TransitionStateSearch
Overview
The TransitionStateSearch class is a high-level component in NET-Finder that manages multiple transition state searches. It coordinates the execution of Dimer searches, handles job submission (locally or on a cluster), and collects results.
Key Features
Manages multiple transition state searches from different initial structures
Supports both local execution and job submission to computing clusters (e.g., using SLURM)
Provides methods for collecting and analyzing reaction paths from completed searches
Allows customization of search parameters and computational resources
Basic Usage
Here’s a basic example of how to use the TransitionStateSearch class:
from ase.io import read
from net_finder.paths import TransitionStateSearch
# Load initial structures
initial_structures = [read(f'initial/structure_{i}.vasp') for i in range(3)]
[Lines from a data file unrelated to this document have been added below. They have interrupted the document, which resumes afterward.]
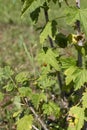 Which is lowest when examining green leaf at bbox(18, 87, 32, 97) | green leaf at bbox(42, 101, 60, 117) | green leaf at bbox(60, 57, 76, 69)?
green leaf at bbox(42, 101, 60, 117)

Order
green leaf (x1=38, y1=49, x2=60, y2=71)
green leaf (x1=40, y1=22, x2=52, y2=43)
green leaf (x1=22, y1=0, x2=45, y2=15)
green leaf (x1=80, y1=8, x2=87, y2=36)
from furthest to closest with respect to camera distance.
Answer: green leaf (x1=38, y1=49, x2=60, y2=71) < green leaf (x1=40, y1=22, x2=52, y2=43) < green leaf (x1=22, y1=0, x2=45, y2=15) < green leaf (x1=80, y1=8, x2=87, y2=36)

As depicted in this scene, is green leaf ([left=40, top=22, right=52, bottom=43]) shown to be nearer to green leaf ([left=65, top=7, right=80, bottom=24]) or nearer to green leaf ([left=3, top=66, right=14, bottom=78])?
green leaf ([left=65, top=7, right=80, bottom=24])

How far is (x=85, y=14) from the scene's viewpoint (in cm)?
280

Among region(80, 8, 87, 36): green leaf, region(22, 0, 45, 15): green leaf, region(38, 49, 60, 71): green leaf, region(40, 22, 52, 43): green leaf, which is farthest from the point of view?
region(38, 49, 60, 71): green leaf

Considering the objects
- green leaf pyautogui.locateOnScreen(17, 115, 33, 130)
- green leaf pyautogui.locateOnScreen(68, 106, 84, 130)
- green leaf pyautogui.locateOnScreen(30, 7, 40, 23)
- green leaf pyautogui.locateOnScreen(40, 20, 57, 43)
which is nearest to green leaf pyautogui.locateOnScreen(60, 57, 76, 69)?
green leaf pyautogui.locateOnScreen(40, 20, 57, 43)

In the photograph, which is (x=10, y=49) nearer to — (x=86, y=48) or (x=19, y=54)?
(x=19, y=54)

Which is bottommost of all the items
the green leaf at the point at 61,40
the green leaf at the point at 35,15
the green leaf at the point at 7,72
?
the green leaf at the point at 7,72

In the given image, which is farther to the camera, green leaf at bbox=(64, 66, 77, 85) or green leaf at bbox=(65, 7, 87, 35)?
green leaf at bbox=(64, 66, 77, 85)

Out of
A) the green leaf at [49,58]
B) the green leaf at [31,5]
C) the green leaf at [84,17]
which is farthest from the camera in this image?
the green leaf at [49,58]

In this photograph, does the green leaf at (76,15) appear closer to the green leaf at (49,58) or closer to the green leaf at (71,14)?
the green leaf at (71,14)

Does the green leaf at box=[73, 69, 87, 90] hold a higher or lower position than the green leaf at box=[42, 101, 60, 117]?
higher

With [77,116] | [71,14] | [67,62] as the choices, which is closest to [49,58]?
[67,62]

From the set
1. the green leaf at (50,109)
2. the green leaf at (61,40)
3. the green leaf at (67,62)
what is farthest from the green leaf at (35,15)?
the green leaf at (50,109)

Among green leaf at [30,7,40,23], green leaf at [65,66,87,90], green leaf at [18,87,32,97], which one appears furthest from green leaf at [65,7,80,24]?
green leaf at [18,87,32,97] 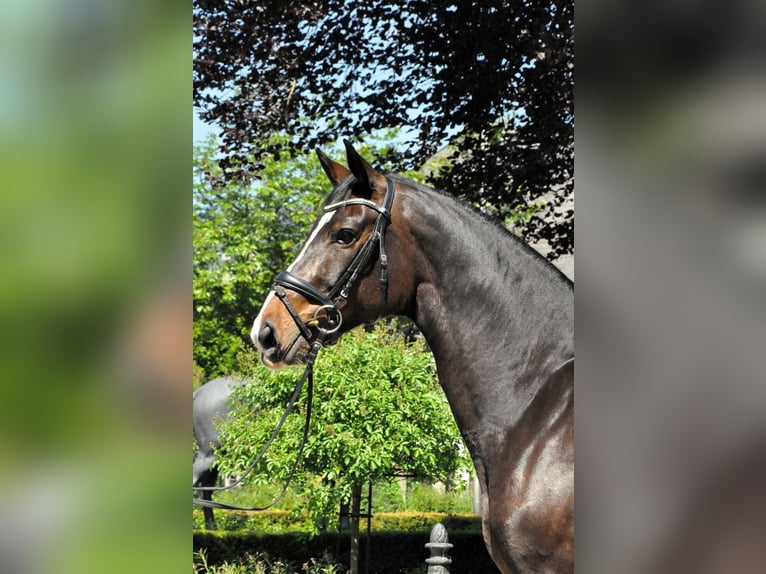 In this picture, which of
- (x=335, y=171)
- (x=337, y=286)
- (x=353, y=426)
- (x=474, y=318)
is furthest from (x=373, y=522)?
(x=474, y=318)

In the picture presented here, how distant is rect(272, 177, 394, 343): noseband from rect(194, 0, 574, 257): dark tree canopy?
11.6 feet

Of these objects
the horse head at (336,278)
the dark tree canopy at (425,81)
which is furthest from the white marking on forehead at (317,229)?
the dark tree canopy at (425,81)

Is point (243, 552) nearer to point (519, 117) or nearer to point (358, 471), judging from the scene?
point (358, 471)

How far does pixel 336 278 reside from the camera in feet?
9.43

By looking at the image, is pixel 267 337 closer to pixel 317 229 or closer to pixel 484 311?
pixel 317 229

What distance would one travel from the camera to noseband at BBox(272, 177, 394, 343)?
284cm

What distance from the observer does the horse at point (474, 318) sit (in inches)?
95.7

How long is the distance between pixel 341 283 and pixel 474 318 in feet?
1.72

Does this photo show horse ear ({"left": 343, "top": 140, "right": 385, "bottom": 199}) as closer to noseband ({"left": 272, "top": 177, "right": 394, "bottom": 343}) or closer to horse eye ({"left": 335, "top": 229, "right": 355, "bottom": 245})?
noseband ({"left": 272, "top": 177, "right": 394, "bottom": 343}) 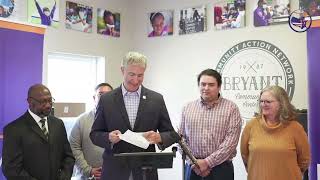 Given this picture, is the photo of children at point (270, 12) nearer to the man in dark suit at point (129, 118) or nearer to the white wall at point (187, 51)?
the white wall at point (187, 51)

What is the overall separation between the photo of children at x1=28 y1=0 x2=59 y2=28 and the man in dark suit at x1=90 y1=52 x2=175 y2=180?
2.33m

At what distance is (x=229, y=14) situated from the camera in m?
4.49

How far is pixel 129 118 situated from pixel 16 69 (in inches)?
68.0

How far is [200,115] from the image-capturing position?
292 cm

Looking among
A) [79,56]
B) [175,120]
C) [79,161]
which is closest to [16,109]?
[79,161]

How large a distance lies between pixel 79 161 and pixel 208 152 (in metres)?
1.05

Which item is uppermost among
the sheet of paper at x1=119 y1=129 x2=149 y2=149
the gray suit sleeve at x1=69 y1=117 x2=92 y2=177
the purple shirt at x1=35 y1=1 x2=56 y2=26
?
the purple shirt at x1=35 y1=1 x2=56 y2=26

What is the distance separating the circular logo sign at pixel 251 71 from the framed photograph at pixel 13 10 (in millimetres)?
2320

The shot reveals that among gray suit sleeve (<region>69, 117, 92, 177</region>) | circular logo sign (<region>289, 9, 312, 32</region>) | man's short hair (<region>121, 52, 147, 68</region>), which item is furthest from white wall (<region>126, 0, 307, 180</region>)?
man's short hair (<region>121, 52, 147, 68</region>)

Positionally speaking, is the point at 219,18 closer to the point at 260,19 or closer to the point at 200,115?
the point at 260,19

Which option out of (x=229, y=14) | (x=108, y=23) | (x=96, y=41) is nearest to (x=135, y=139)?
(x=229, y=14)

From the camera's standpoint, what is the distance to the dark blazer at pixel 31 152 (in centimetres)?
227

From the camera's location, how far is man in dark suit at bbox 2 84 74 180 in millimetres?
2281

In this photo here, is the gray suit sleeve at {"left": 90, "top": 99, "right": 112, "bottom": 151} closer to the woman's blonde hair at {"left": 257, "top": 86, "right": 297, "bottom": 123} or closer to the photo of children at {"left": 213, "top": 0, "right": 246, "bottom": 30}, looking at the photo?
the woman's blonde hair at {"left": 257, "top": 86, "right": 297, "bottom": 123} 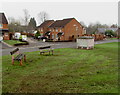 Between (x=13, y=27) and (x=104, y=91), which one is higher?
(x=13, y=27)

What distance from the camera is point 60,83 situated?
5.95m

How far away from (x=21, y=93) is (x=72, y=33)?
44547 mm

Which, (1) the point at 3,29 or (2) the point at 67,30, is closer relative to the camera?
(1) the point at 3,29

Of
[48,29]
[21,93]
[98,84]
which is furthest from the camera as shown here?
[48,29]

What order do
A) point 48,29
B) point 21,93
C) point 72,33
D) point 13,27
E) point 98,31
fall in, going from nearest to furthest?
point 21,93, point 72,33, point 48,29, point 13,27, point 98,31

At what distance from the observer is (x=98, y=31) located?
289 ft

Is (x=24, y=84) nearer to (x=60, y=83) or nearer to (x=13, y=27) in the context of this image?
(x=60, y=83)

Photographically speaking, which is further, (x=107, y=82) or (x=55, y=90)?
(x=107, y=82)

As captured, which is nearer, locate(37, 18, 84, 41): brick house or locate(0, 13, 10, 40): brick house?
locate(0, 13, 10, 40): brick house

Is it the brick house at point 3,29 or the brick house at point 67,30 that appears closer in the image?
the brick house at point 3,29

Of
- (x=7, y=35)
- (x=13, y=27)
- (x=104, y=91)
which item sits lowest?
(x=104, y=91)

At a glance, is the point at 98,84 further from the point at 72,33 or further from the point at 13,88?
the point at 72,33

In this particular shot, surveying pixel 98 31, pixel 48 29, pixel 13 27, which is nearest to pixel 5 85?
pixel 48 29

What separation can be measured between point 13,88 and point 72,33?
44.1 meters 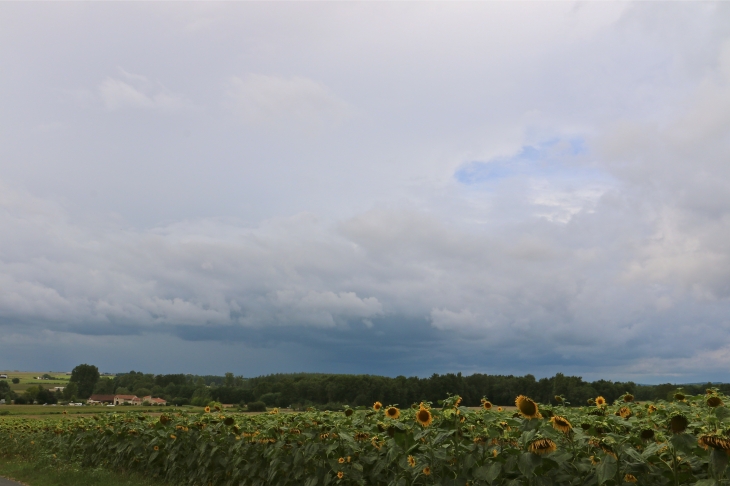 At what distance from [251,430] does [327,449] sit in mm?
2511

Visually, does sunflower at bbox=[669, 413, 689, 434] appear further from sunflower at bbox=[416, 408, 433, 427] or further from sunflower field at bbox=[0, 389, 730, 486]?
sunflower at bbox=[416, 408, 433, 427]

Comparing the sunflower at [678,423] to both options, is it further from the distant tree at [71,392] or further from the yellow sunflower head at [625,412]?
the distant tree at [71,392]

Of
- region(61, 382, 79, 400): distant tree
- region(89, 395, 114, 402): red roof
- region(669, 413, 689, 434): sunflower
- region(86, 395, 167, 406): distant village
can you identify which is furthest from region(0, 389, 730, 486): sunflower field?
region(61, 382, 79, 400): distant tree

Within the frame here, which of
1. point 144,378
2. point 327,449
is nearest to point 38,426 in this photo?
point 327,449

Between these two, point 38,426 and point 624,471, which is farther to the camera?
point 38,426

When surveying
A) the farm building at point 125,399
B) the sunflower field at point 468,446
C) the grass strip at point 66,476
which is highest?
the sunflower field at point 468,446

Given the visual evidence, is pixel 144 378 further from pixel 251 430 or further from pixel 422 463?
pixel 422 463

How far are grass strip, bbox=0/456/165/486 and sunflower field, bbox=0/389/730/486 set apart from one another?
153cm

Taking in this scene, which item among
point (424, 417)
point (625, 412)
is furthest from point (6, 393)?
point (625, 412)

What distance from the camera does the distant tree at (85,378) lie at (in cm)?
8031

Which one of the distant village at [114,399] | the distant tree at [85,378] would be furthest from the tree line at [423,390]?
the distant tree at [85,378]

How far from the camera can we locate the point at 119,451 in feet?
43.8

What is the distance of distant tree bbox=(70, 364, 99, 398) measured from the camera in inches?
3162

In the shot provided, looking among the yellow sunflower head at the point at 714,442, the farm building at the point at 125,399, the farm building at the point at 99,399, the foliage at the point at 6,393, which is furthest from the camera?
the foliage at the point at 6,393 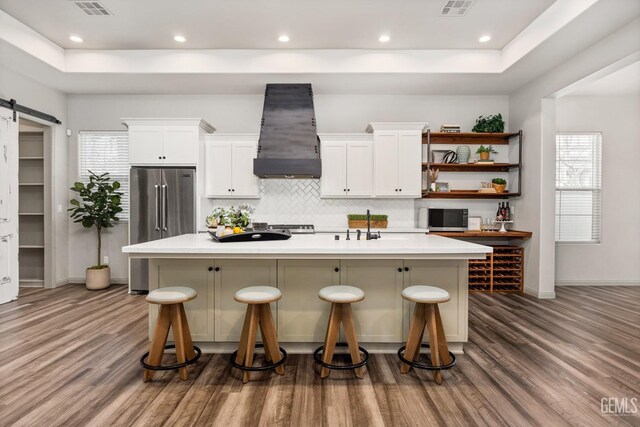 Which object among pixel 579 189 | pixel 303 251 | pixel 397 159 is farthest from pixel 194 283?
pixel 579 189

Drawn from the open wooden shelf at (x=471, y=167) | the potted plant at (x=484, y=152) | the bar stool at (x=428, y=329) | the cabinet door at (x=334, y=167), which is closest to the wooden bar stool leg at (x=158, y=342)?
the bar stool at (x=428, y=329)

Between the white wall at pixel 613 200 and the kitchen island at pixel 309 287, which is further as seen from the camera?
the white wall at pixel 613 200

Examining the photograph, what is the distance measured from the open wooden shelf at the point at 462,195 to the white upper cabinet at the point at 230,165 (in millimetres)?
2748

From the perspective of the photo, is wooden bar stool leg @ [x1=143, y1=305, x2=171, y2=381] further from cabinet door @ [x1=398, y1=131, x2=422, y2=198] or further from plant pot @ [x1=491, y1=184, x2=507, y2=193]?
plant pot @ [x1=491, y1=184, x2=507, y2=193]

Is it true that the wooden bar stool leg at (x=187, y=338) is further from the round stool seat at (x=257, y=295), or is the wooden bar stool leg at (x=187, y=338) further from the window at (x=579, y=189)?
the window at (x=579, y=189)

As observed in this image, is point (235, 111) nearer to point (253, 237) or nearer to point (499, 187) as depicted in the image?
point (253, 237)

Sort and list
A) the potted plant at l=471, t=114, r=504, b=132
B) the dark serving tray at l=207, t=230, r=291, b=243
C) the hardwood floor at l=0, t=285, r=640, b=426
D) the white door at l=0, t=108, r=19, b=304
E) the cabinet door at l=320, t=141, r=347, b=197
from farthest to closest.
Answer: the potted plant at l=471, t=114, r=504, b=132
the cabinet door at l=320, t=141, r=347, b=197
the white door at l=0, t=108, r=19, b=304
the dark serving tray at l=207, t=230, r=291, b=243
the hardwood floor at l=0, t=285, r=640, b=426

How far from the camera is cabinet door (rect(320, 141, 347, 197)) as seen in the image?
16.1ft

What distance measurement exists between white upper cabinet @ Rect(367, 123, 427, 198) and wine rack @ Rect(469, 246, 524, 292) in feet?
4.59

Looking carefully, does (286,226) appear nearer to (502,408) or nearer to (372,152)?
(372,152)

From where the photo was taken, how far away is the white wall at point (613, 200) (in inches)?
201

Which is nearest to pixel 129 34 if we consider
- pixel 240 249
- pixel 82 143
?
pixel 82 143

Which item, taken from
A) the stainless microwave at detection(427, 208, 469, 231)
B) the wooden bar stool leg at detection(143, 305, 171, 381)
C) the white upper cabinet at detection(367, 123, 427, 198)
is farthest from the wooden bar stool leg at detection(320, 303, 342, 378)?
the stainless microwave at detection(427, 208, 469, 231)

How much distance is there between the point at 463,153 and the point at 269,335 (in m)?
4.23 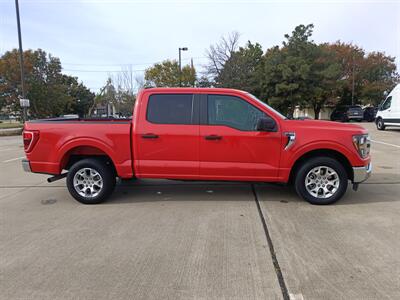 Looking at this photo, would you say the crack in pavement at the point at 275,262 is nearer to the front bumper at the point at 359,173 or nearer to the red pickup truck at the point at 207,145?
the red pickup truck at the point at 207,145

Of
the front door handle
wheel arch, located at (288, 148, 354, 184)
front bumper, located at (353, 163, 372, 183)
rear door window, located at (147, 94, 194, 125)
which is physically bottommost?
front bumper, located at (353, 163, 372, 183)

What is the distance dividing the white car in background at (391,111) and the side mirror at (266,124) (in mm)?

# Set up calculator configuration
calc = {
"calculator_imports": "from ase.calculators.vasp import Vasp",
"calculator_setup": "calc = Vasp(xc='pbe', encut=400, kpts=(1, 1, 1))"
}
# Set up dimer parameters
dimer_params = {
'displacement_method': 'gauss',
'displacement_radius': 2.0,
'dimer_separation': 0.01
}
# Create TransitionStateSearch instance
ts_search = TransitionStateSearch(initial_structures, calc, dimer_params,
output_dir='ts_search_output', run_mode='local')
# Run transition state searches
ts_search.run(fmax=0.05, steps=100)
# Collect reaction paths
reaction_paths = ts_search.collect_reaction_paths()
Parameters
initial_structures (list of ase.Atoms): List of initial structures for transition state searches.
calc (dict): Configuration for the calculator to be used in searches.
dimer_params (dict): Parameters for the Dimer method.
output_dir (str): Directory to store output files (default: ‘./ts_search’).
run_mode (str): Execution mode, either ‘local’ or ‘slurm’ (default: ‘local’).
trys (int): Number of attempts per initial structure (default: 10).
slurm_params (dict): Parameters for SLURM job submission (if run_mode is ‘slurm’).
Methods
This method initiates the transition state searches for all initial structures.
- Parameters:
fmax (float): Maximum force criterion for optimization.
steps (int): Maximum number of optimization steps.
This method collects and returns the reaction paths from completed searches.
- Returns:
List of ReactionPath objects.
Returns the currently collected reaction paths.
Saves the collected reaction paths to the specified directory.
- Parameters:
output_dir (str, optional): Directory to save the reaction paths. If not specified, uses the instance’s output_dir.
Advanced Usage
For more advanced usage, you can customize the search parameters and use cluster resources:
slurm_params = {
'nodes': 1,
'ntasks': 32,
'time': '12:00:00',
'partition': 'regular'
}
ts_search = TransitionStateSearch(initial_structures, calc, dimer_params,
output_dir='ts_search_output', run_mode='slurm',
trys=20, slurm_params=slurm_params)
ts_search.run(fmax=0.01, steps=200)
# Monitor job progress
while not ts_search.all_jobs_completed():
ts_search.print_job_status()
time.sleep(60) # Wait for 1 minute before checking again
reaction_paths = ts_search.collect_reaction_paths()
# Save collected reaction paths
ts_search.save_reaction_paths('final_paths')
Integration with Other Modules
The TransitionStateSearch class is typically used as part of a larger workflow in NET-Finder:
from net_finder.net import ReactionNetwork
# Run transition state searches
ts_search = TransitionStateSearch(initial_structures, calc, dimer_params)
ts_search.run()
# Collect reaction paths and create a reaction network
reaction_paths = ts_search.collect_reaction_paths()
network = ReactionNetwork(reaction_paths)
# Analyze the network
network.generate_graph()
Notes
When using the ‘slurm’ run mode, ensure that your environment is properly configured for SLURM job submission.
The number of tries (trys parameter) can significantly affect the likelihood of finding transition states, but also increases computational cost.
For large-scale searches, consider implementing a database backend for efficient storage and retrieval of reaction paths.
Monitor resource usage and adjust slurm_params as needed to optimize performance on your specific cluster setup.